问题
TLDR: I'm looking for a way to serve web resources (css, jpg, etc) from the filesystem that preserves mime-type.
I am creating a php wrapper that validates a user from another domain (via a one time token), creates a session and then serves files, several websites in separate directories, inside of a otherwise in accesable directory to that user.
I have, so far, used php to handle validation and mod_rewrite to redirect all requests for anything inside of the directory through the wrapper adding the requested page as a get.
The problem is, when I open a webpage that links to other resources it runs through the wrapper for each resource and doesn't preserve the mime-type. As a result formating gets screwed up.
Does anyone have a work around or a better way to serve files from the filesystem via a php script.
Here are my Redirect rules:
<Directory /var/www/ssl/auth>
RewriteEngine On
RewriteBase /auth
RewriteRule ^(.*) /wrapper.php?topage=https://%{SERVER_NAME}/auth/$1
</Directory>
And This is the include: (after it's been checked that the file exists)
$path = 'https://'.$_SERVER['SERVER_NAME'].'/';
$abs_path=substr($_GET['topage'], strlen($path));
include ($abs_path);
Here are the errors I'm getting (using dev tools on chrome)
Resource interpreted as Stylesheet but transfered with MIME type text/html
I am creating this so apple users at my school can publish class websites (using iweb and hosted internally) that require authentication and can be accessed without signing in twice when linked from the school's main website (externally hosted).
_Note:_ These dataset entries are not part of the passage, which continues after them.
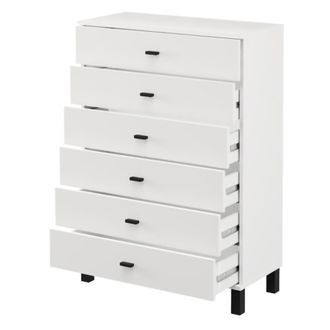 Dmora Credenza Otaval, Aparador Un Estante, 6 Cajones, 6 Compartimentos, 77x35x78h Cm Blanco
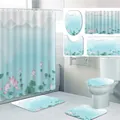 Duschvorhang-Set mit Lotusteich-Motiv und passenden rutschfesten Badematten fürs Badezimmer - Frischer Lotusteich-Stil (YL77C) / 90*180cm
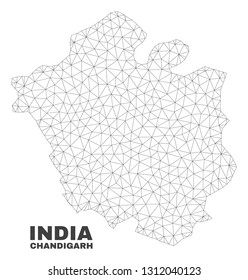 Abstract Chandigarh City map isolated on a white background. Triangular mesh model in black color of Chandigarh City map. Polygonal geographic scheme designed for political illustrations.
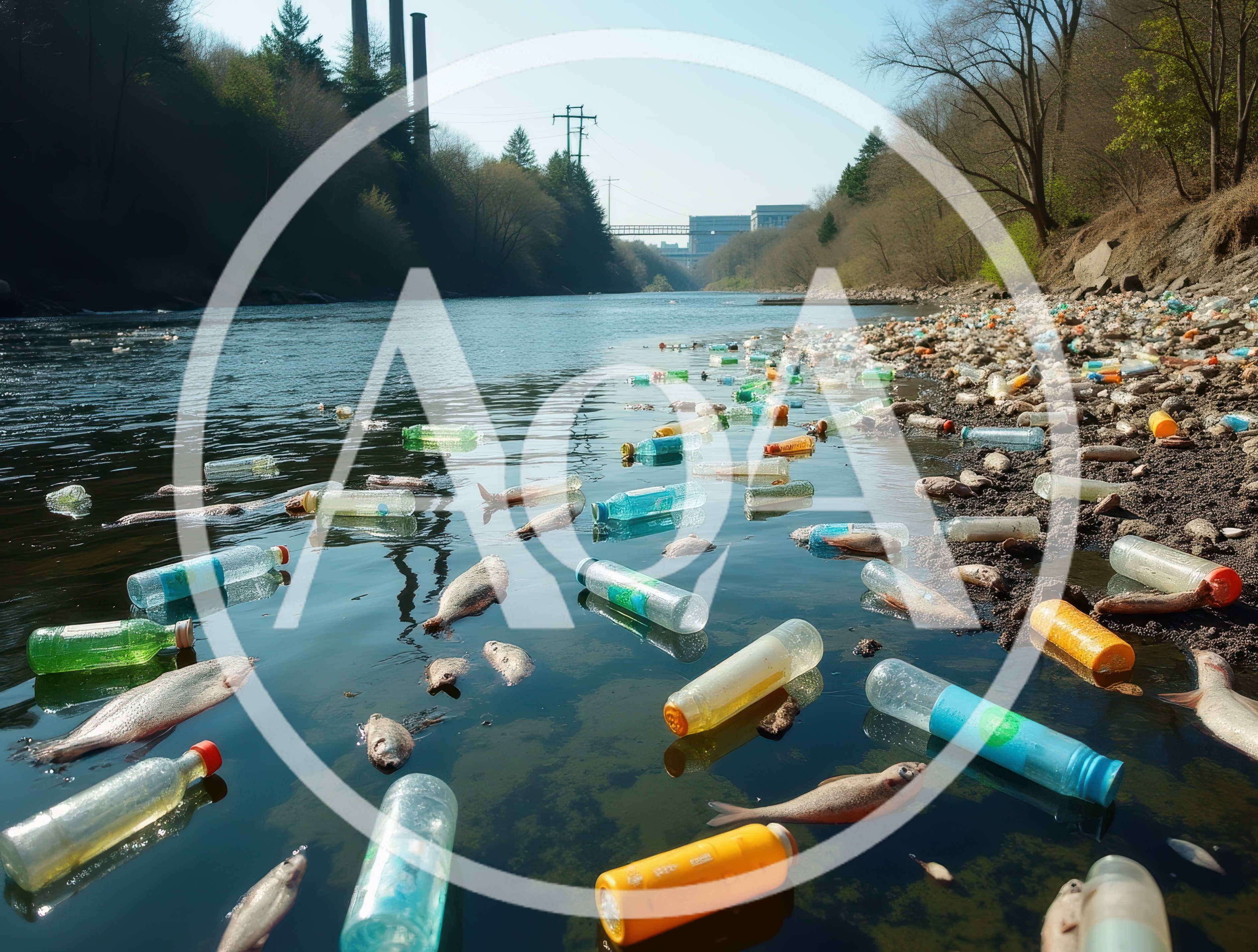 Plastic Pollution And Dead Fish In Polluted River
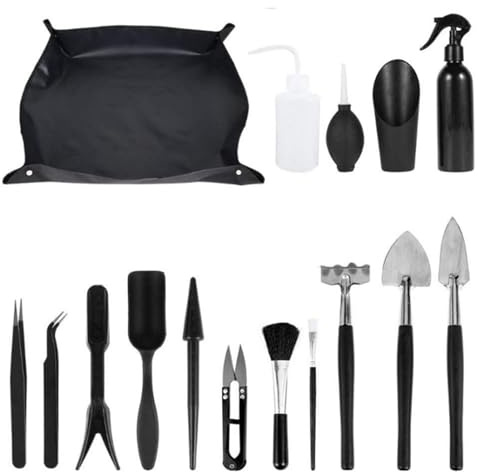 Outils pour succulentes – 16 pièces – Kit d'outils de Jardinage à Main Multifonction pour succulentes, Outils de Terrarium pour l'entretien des d'intérieur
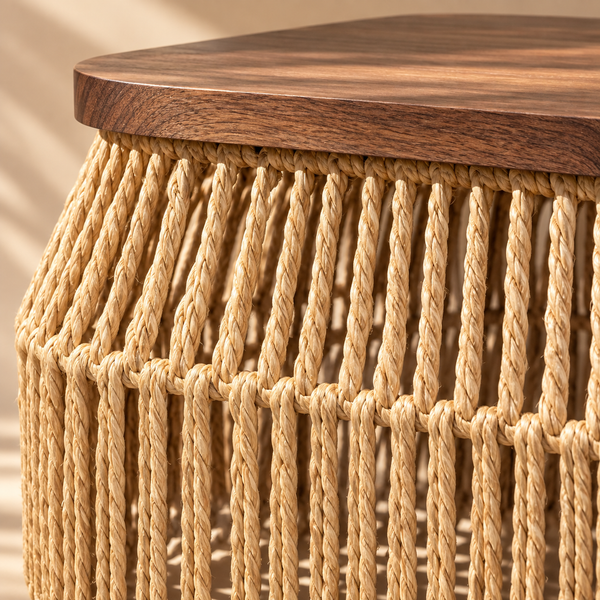 1791041040362_image.png Table basse « Raphia » en corde tressée – Plateau carré en bois effet noyer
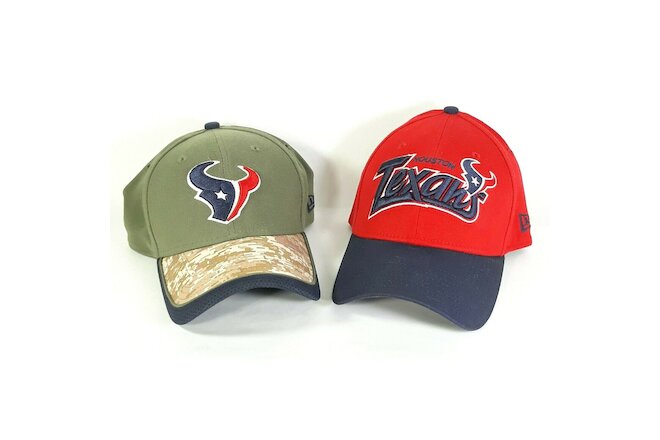 New Era 39Thirty Small-Med Houston Texans Fitted Cap Green Camo & Red Lot of 2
The suits are adamant that they want it setup to cross domains. If you have any suggestions to this particular problem or how to achieve auth. across domains let me know.
Solution
Tandu. Thanks for the help using the concepts you laid out I was able to use stack overflow to solve my problem here is the solution. I < and found how to get the mime type and then I relayed it using header()
works like a charm.
$path = $proto.$_SERVER['SERVER_NAME'].'/';
$abs_path=substr($_GET['topage'], strlen($path));
$type = (get_object_vars(apache_lookup_uri("$abs_path")));
header('Content-type: '.$type['content_type']);
readfile($abs_path);
Hope this helps someone down the line.
回答1:
Well, I'm not sure if I can answer your full question, but the problem in Chrome is that your server is sending the file as the wrong MIME type (obviously). You need to update your server settings to send the correct mime type for css, js, etc. files. It is difficult to guess the mime type for css, js, etc. because they don't have the mime information stored in the file headers and instead you must guess. You can configure apache to set the mime type based on the extension with the mime.types.